September 17, 2019 - Spotlights

Name: Annemarie DiCola

Title: CEO 

Company Name: Trepp, LLC

Association/Organization Affiliations (REAL ESTATE ONLY): Commercial Real Estate Finance Council (CREFC), Advisory Board of the NYU Stern Center for Commercial Real Estate Finance Research, Commercial Real Estate Women (CREW), President’s Council of the Real Estate Roundtable

What is your favorite motivational quote?
My favorite quote (which hangs in my office) is, “If you don’t know it’s impossible, it’s easier to do.” To me, this means: Never talk yourself out of doing something because it’s hard. If you believe it can be done, you have already empowered yourself to get it done. When I look at the important things we’ve done at Trepp, especially the challenges we’ve tackled, and the mountains we’ve climbed, this quote stands out because we continue to advance. At the end of the day, don’t negotiate against yourself. 

How do you hold your own in a negotiation?
The most important thing to do is to know your walk-away point. You have to go into a negotiation privately aware of everything you are willing to give up and everything that you are not. It is also important to start the negotiation by getting some easy agreement going. Find the areas of commonality that help you connect with the opposing side and send a message that you both can get this done. 

What is the best advice you have received, and who was it from?
The best advice I have received was from a former boss on my first day of work. He said, “Remember one thing; you are more valuable to me when you disagree with me.” This allowed me to realize that because no one knows everything, it is helpful if we point out other viewpoints and perspectives to each other. It was an important message early in my career about the value of diverse views: The need to have multiple perspectives in a room so that you reach a better decision that will have seen the problem from all sides.
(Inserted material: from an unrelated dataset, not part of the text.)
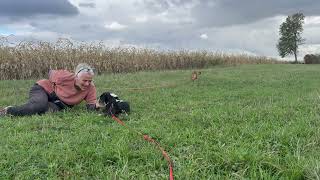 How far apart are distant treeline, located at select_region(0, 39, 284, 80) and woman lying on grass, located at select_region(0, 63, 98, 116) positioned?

What recent project or transaction are you most proud of?
During the fiscal crisis, we were selected by the Federal Reserve to provide insight and analysis of newly issued CMBS assets. That was a groundbreaking achievement for us. More recently, I’m proud of the work we’ve done with US banks to help them assess their commercial real estate risk for stress testing and address new CECL accounting regulations. We continue to succeed at helping banks, insurance companies and commercial mortgage REITs better assess their level of risk and exposure to this important but cyclical asset class. 

What was one of your biggest accomplishments in the last 12 months?
We’ve instituted a number of ways to drive innovation at Trepp–we keep improving our development to more modern and responsive forms of product building, we have created a team within Trepp to focus on constant innovation, and we’ve brought in additional talent to drive even more creativity and more innovation.

What books, blogs, podcasts, resources or influencers would you recommend to women?
Well, of course I recommend Trepp’s blogs and research for everyone who seeks great insights about the commercial real estate industry. In addition, I recommend “TED Talks.” My favorite is a must-see for women – and frankly for everyone. It’s titled “Your Body Language May Shape Who You Are,” by Amy Cuddy. Her premise is that while body language affects how others see us, it also affects our attitudes based on how we hold our bodies. She posits the theory that we should adopt a “power pose” – something that winning athletes do. If we do so before a speech or a difficult conversation, we send our mind a message that we will succeed – and we do. 

Who inspired you to join the CRE Industry?
For me, this is not a question of who, but what. When I was in law school, I spent summers interning at law firms. I had the opportunity to do a rotation among corporate law, litigation, and commercial real estate. I realized then that I loved commercial real estate! I valued how productive it was; it had a clear goal to accomplish, working with tangible assets. I enjoyed the overall positivity and progress that it represented, which I found to be the most rewarding. I had an early passion for commercial real estate – and I still do!